Methods: This is a retrospective cohort study. The study includes 108 patients who underwent surgery for diabetic foot osteomyelitis from January 2011 to December 2012 in the authors’ department. 44 patients were treated with conservative surgery and 64 patients with amputation. Patients were followed until May 2022. Outcome measures were survival without recurrences of ulcer and without need of new amputation after surgery. 

Results: No significant difference was found with the rate of reinfection for the two groups. There was also no significant difference in cumulative survival without recurrences of ulcer and without need of new amputation after surgery at all measured times of 1, 5, and 8 years post-op. 41 patients passed away during follow up. In patients treated with conservative surgery the percentage of patients without recurrences of ulcer were 1 year: 95%, 5 years: 36%, and 8 years: 29%. In patients treated with amputation the percentage of patients without recurrences of ulcer were 1 year: 95%, 5 years: 43%, and 8 years: 30%. In patients treated with conservative surgery the percentage of patients without need of new amputation were 1 year: 100%, 5 years: 80%, and 8 years: 80%. In patients treated with amputation the percentage of patients without need of new amputation were 1 year: 98%, 5 years: 82%, and 8 years: 69%.  

Conclusions: The authors conclude that conservative surgery when compared to amputation is as effective in controlling the spread of infection in the diabetic foot. Also, there is no significant difference in recurrence or need for additional amputation. Further, the authors seem to push for conservative surgery as this may have the advantage of lowering rate of recurrence and new amputations due to the minimization of biomechanical changes, although this was not seen in this study. 
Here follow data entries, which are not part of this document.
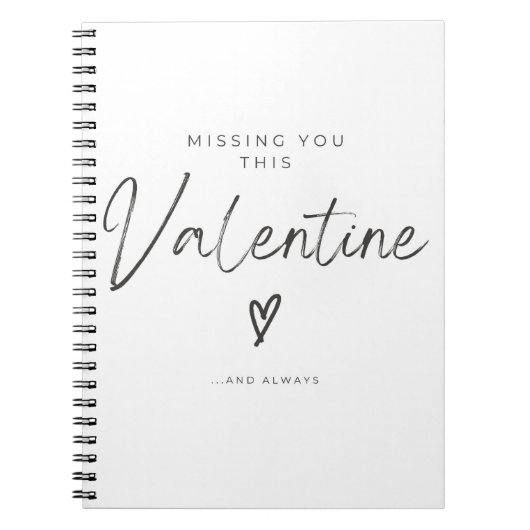 Missing You This Valentine Script Heart Notizblock (Vorderseite)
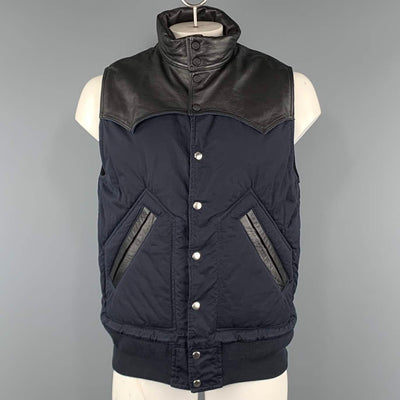 SACAI Chest Size S Navy & Black Two Toned Cotton Blend Snaps Vest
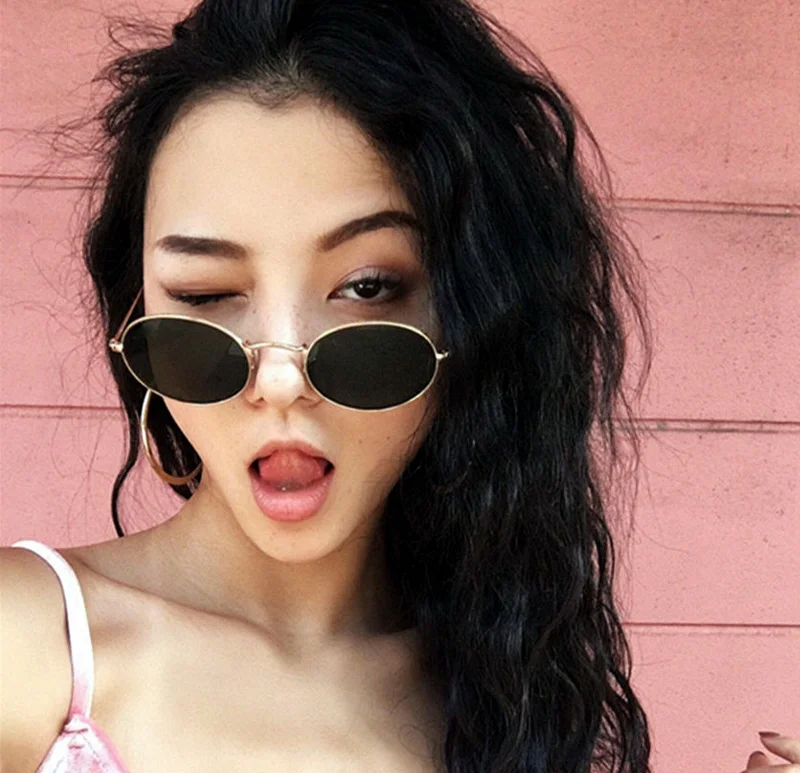 Милые сексуальные ретро Овальные Солнцезащитные очки женские маленькие золотые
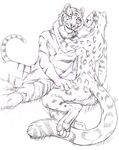  couple duo embrace eye_contact feline female hibbary leopard lying male mammal monochrome nude plain_background sketch smile taur tiger white_background 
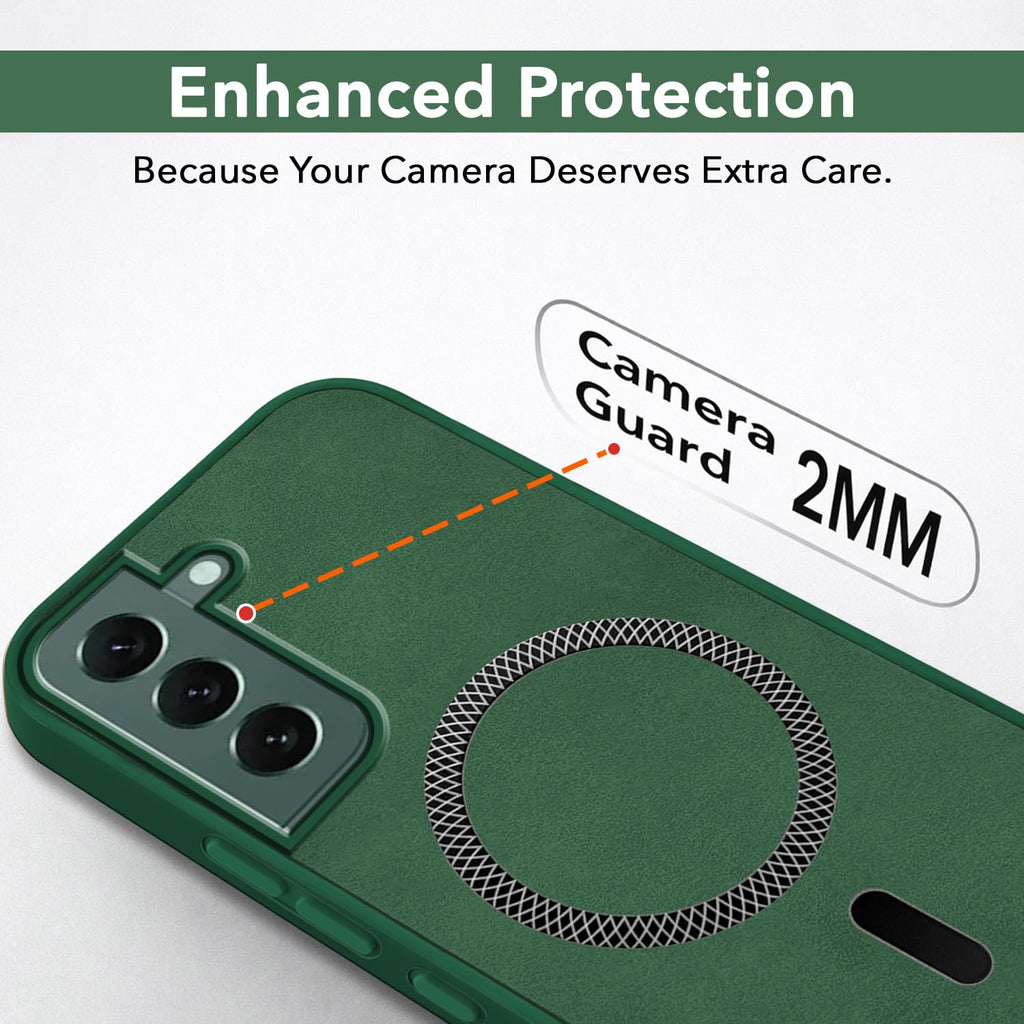 Jkobi Leather Finish Back Cover Case for Samsung Galaxy S22 Plus 5G (MagSafe Compatible Wireless Charging | Soft Touch | Camera Bump Protection)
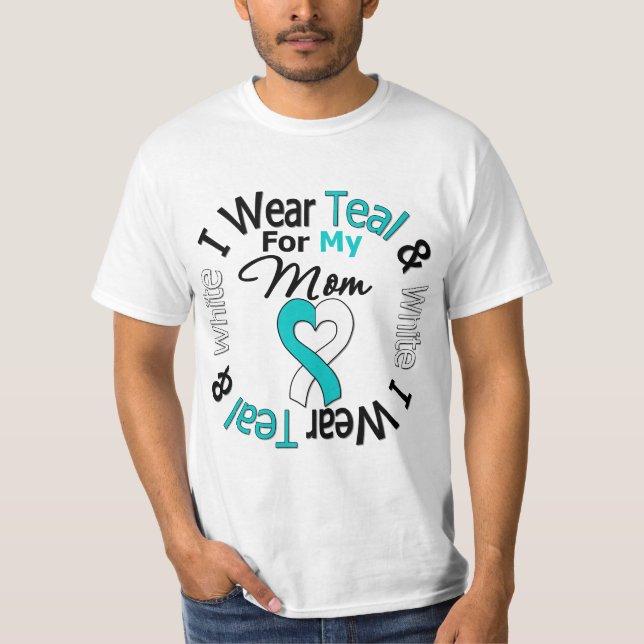Cervical Cancer Ribbon For My Mom T-Shirt (Front)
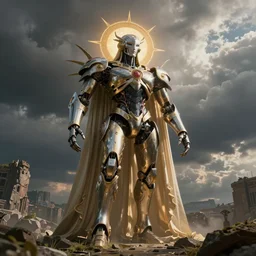 a cinematic view of wide photo of an automata divine holy creature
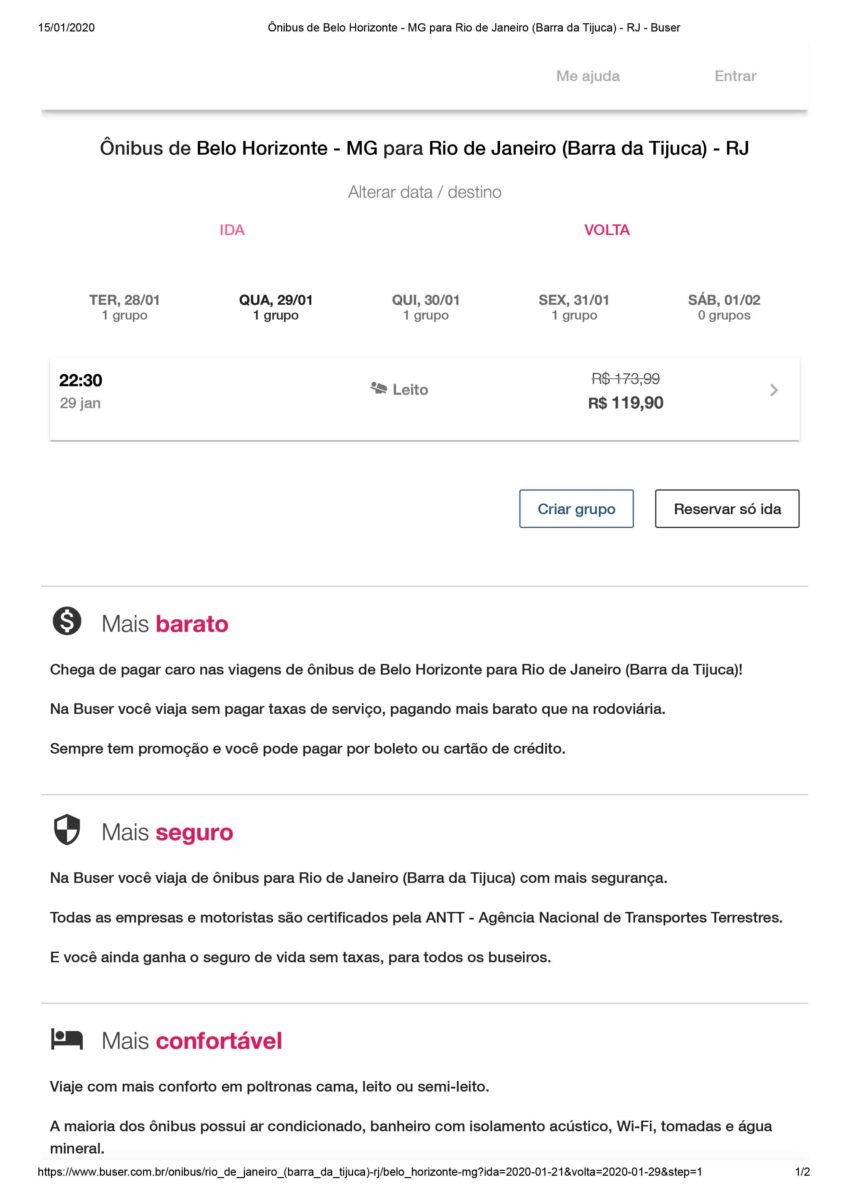 Ônibus De Belo Horizonte Mg Para Rio De Janeiro Barra Da Tijuca Rj Buser 1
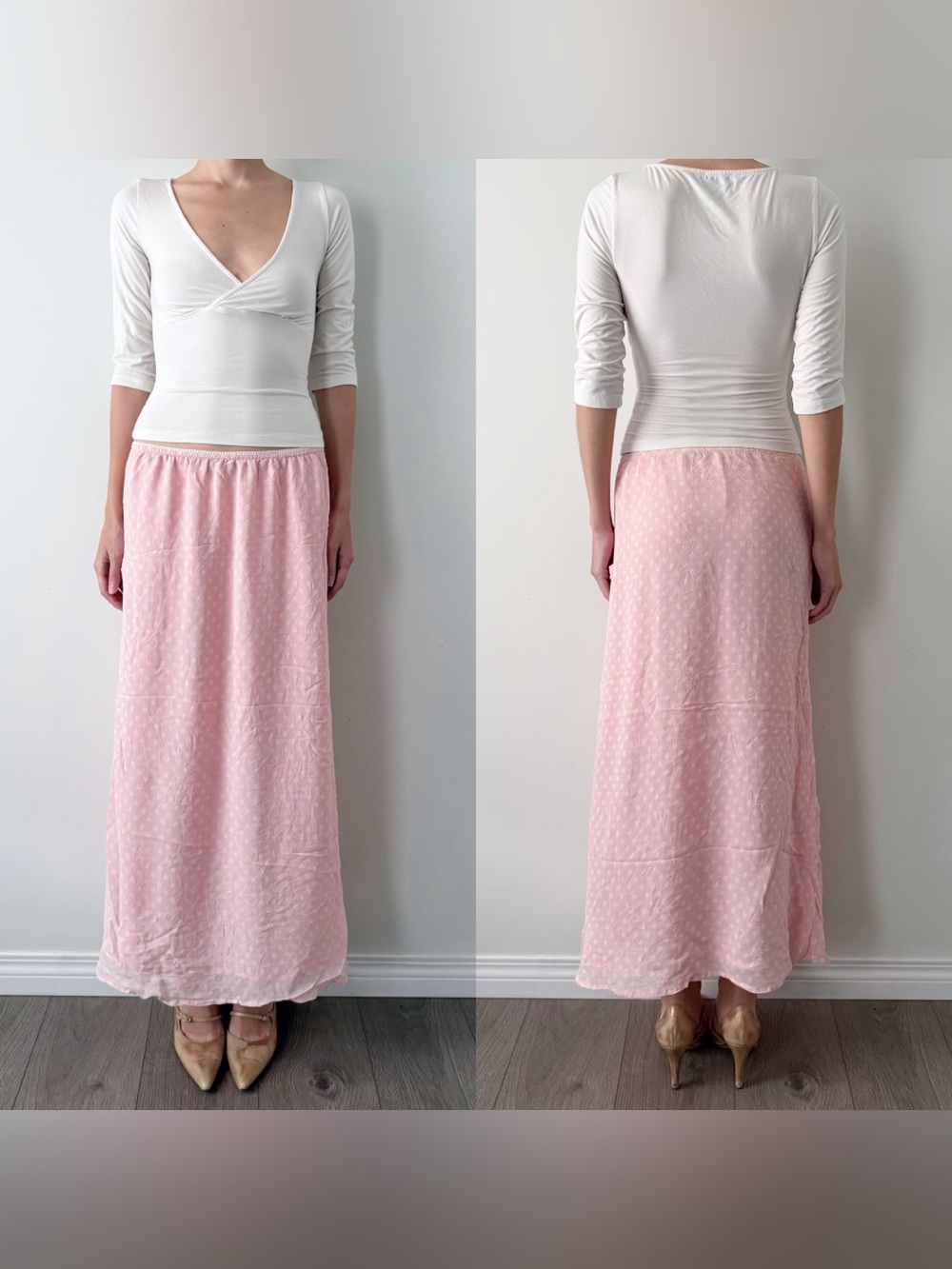 Chadwick’s pink 100% silk polka dot maxi skirt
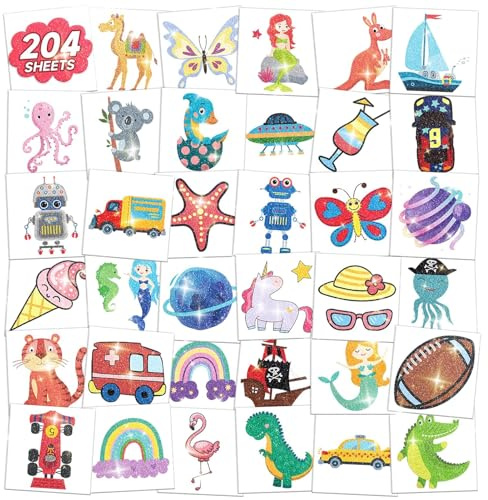 EMOME 204 Sheets Glitter Tattoos for Kids, Individually Wrapped Temporary Tattoos for Girls and Boys, Fake Tattoo Stickers for Kids Easter Basket Stuffers Egg Fillers, Birthday Party Favors Supplies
This manuscript adds perspective in treatment of diabetic foot osteomyelitis and prompts discussion on conservative surgery versus amputation. Of note, there is no detail on decision making when choosing whether a patient would be treated with conservative surgery versus amputation. Additionally, there is no detail of amputations within this group beyond minor (partial foot) and major (proximal to the ankle). The biomechanical stability of the foot should be considered during surgical planning in regards to the extent and level of amputation. This article describes the biomechanical outcome as being a passive result of the surgery of choice to control the infection versus one that is regarded during treatment.